The paper investigates how social cues embedded in social advertising influence consumer behavior, focusing on two mechanisms: (1) peer affiliations serve as proxies for unobserved consumer traits that are correlated across the network, and (2) the presence of social information triggers direct social influence (social proof, conformity). To isolate these effects, the authors conduct two massive field experiments on the Facebook platform.

In Experiment 1, the authors manipulate the number of peer cues displayed alongside a “word‑of‑mouth” ad. Users see 0, 1, 2, or 3 friends who have liked the advertised page, with the assignment randomized at the impression level. Over two million impressions are recorded, and outcomes are click‑through rate (CTR) and the formation of a new connection with the advertised entity (e.g., friend request, follow). Hierarchical logistic regressions reveal a monotonic increase in both metrics as the number of cues rises: each additional cue lifts CTR by roughly 12 percentage points and connection formation by about 8 points. Notably, the marginal effect accelerates after two cues, indicating a “signal accumulation” phenomenon consistent with social proof theory.

Experiment 2 tests a minimalist intervention: a traditional banner ad is augmented with a faint gray line stating, “Friend X likes this brand.” No other visual changes are made, allowing the authors to attribute any performance shift solely to the social cue. This treatment yields an average CTR lift of 5 pp and a 3 pp increase in connection formation, effects that hold across diverse ad categories (fashion, electronics, travel, etc.).

A key contribution is the measurement of tie strength. The authors compute a “communication intensity” metric based on the total number of messages exchanged between a user and each peer. The top 20 % of dyads are classified as strong ties, the remaining 80 % as weak ties. Strong‑tie cues generate substantially larger lifts: CTR improves by a factor of 1.8 and connection formation by roughly twofold compared with weak‑tie cues. This finding aligns with social‑psychological literature that emphasizes trust and identity alignment in strong relationships.

Methodologically, the experiments benefit from random assignment and massive sample sizes, which mitigate confounding variables and enable precise estimation of causal effects. The authors employ Bayesian hierarchical models to capture heterogeneity across users and ad types, and they conduct robustness checks (e.g., placebo tests, alternative tie‑strength definitions) that confirm the stability of the results.

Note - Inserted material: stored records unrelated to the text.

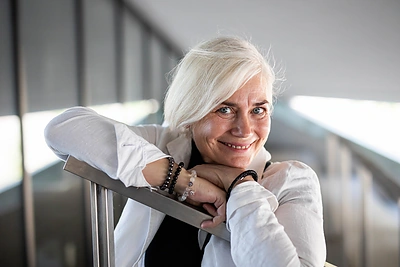 Ilona Balsytė / Irmanto Gelūno „ŽMONĖS Foto“ nuotr.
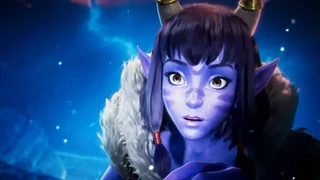 Новый регион Таргон стал доступен в Legends of Runeterra вместе с выходом дополнения «Зов Горы»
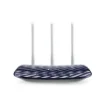 Picture of Tp-Link AC750 Wireless Router Fast Ethernet Dual-Band (2.4 Ghz / 5 Ghz) Black, White - Archer C20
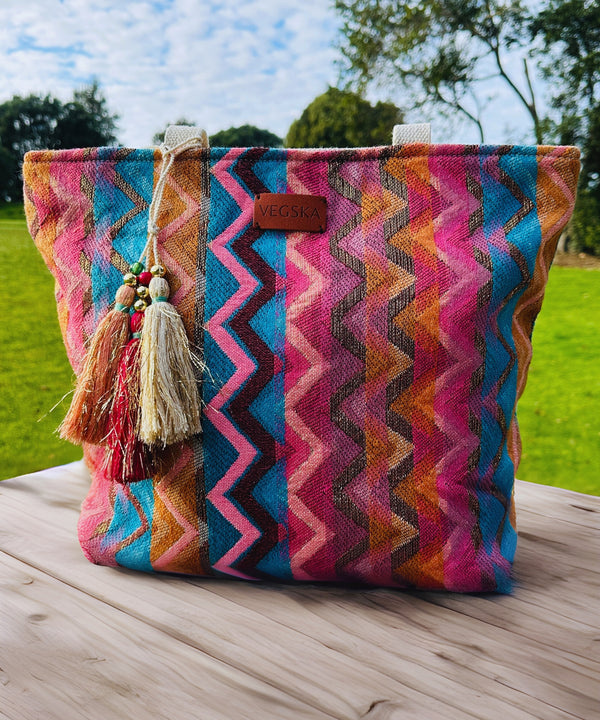Tote Bag - Bagpac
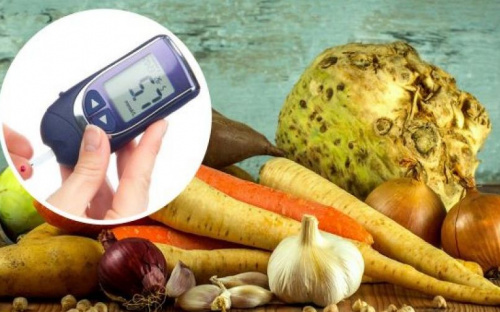 Врачи назвали копеечный овощ, который резко снижает уровень сахара на 50%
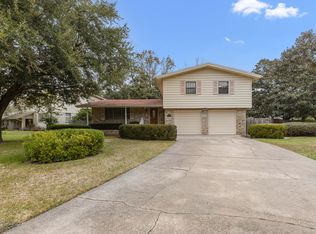 600 Country Club Ave, Fort Walton Beach, FL 32547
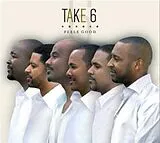 Take 6 CD Feels Good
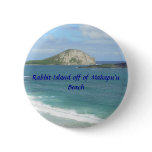 Rabbit Island off of Makapu'u Beach button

The discussion translates these insights into practical recommendations. First, ad platforms should prioritize displaying cues from strong ties and consider showing multiple peer endorsements when possible, as this maximizes both perceived credibility and social influence. Second, even a subtle, low‑cost cue can meaningfully boost performance, suggesting that existing ad inventories can be retrofitted without major redesign. Third, the dual role of social data—as a targeting proxy and as an influence lever—offers a unified framework for marketers and social scientists alike.

Limitations are acknowledged: the experiments are confined to Facebook, and cultural or platform‑specific dynamics may affect generalizability. Future work could explore other networks (e.g., Twitter, TikTok), examine long‑term outcomes (purchase, brand loyalty), and test richer cue designs (e.g., visual avatars, multi‑modal endorsements).

Overall, the study provides rigorous field evidence that social cues—especially those originating from strong ties and presented in greater numbers—significantly enhance ad effectiveness, informing both advertising optimization and broader theories of social influence.